◆ **DATA SHOWN**:
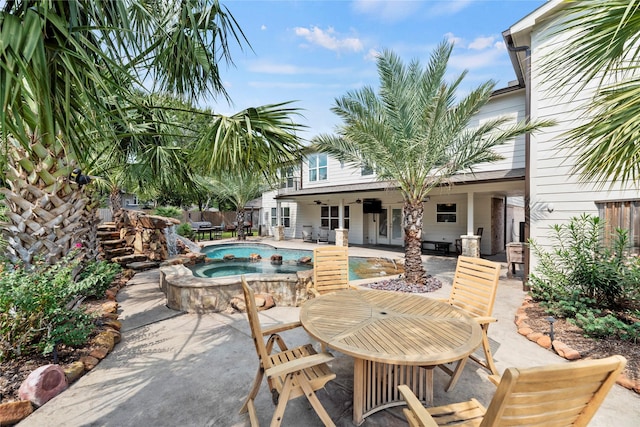 view of patio with a fenced in pool, fence, ceiling fan, and an in ground hot tub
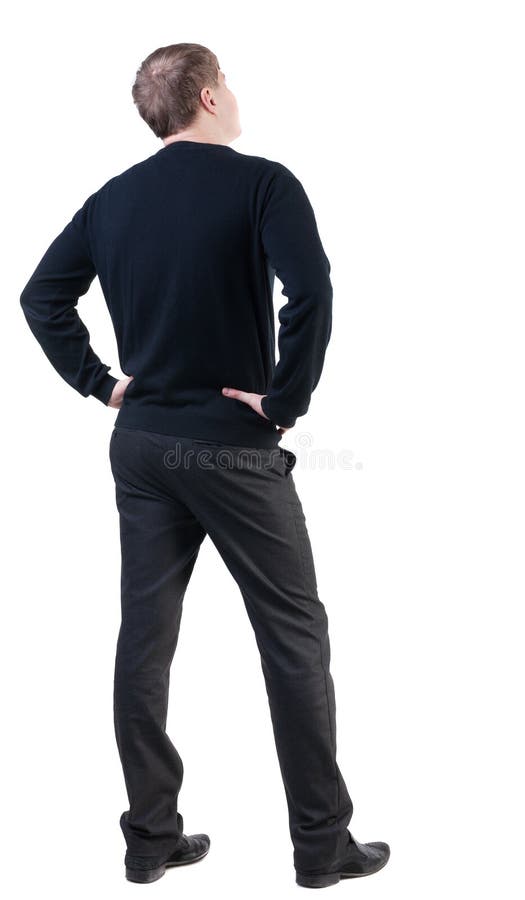 La vue arrière de l'homme d'affaires pense à l'avenir image libre de droits La vue arrière de l'homme d'affaires pense à l'avenir image libre de droits
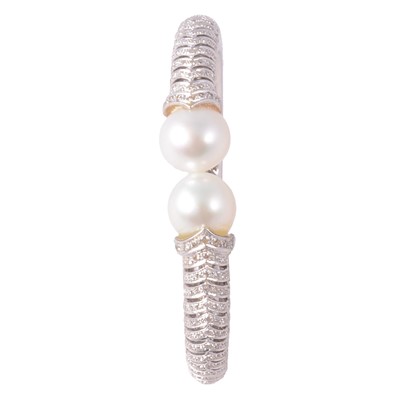 Lot 161 - A diamond and pearl half hinged bangle.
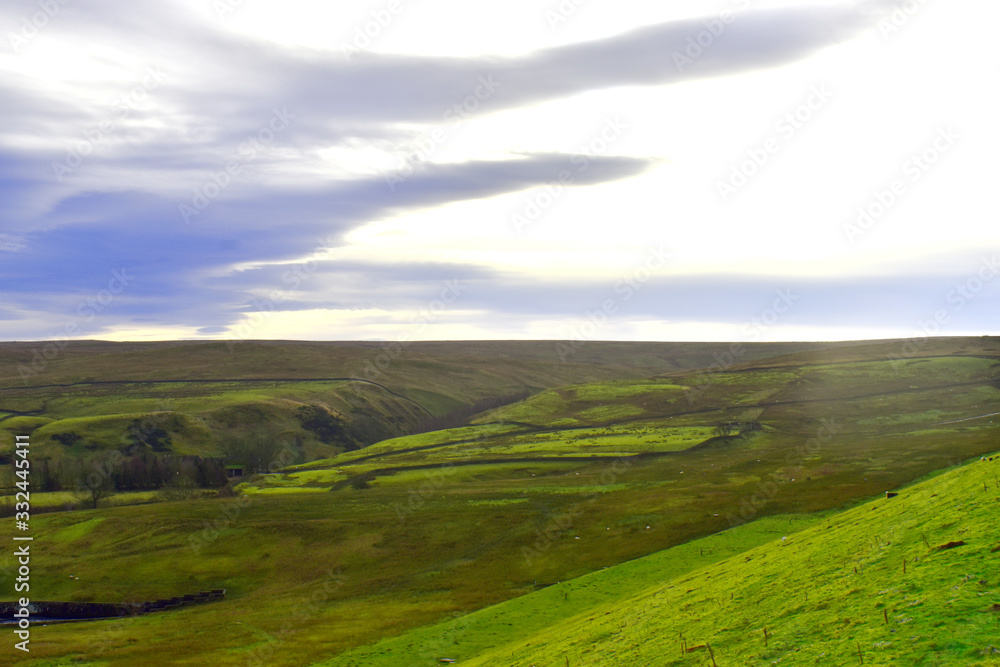 The Yorkshire Dales viewed from Romaldkirk. Famous of green fields, line of grystone walls. The Yorkshire Dales viewed from Romaldkirk. Famous of green fields, line of grystone walls.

◆ **WHAT THE TASK REQUIRES**: Could all the data above be given again exactly, leaving out its images?

◆ **EXERCISE ANSWER**:
 view of patio with a fenced in pool, fence, ceiling fan, and an in ground hot tub
 La vue arrière de l'homme d'affaires pense à l'avenir image libre de droits La vue arrière de l'homme d'affaires pense à l'avenir image libre de droits
 Lot 161 - A diamond and pearl half hinged bangle.
 The Yorkshire Dales viewed from Romaldkirk. Famous of green fields, line of grystone walls. The Yorkshire Dales viewed from Romaldkirk. Famous of green fields, line of grystone walls.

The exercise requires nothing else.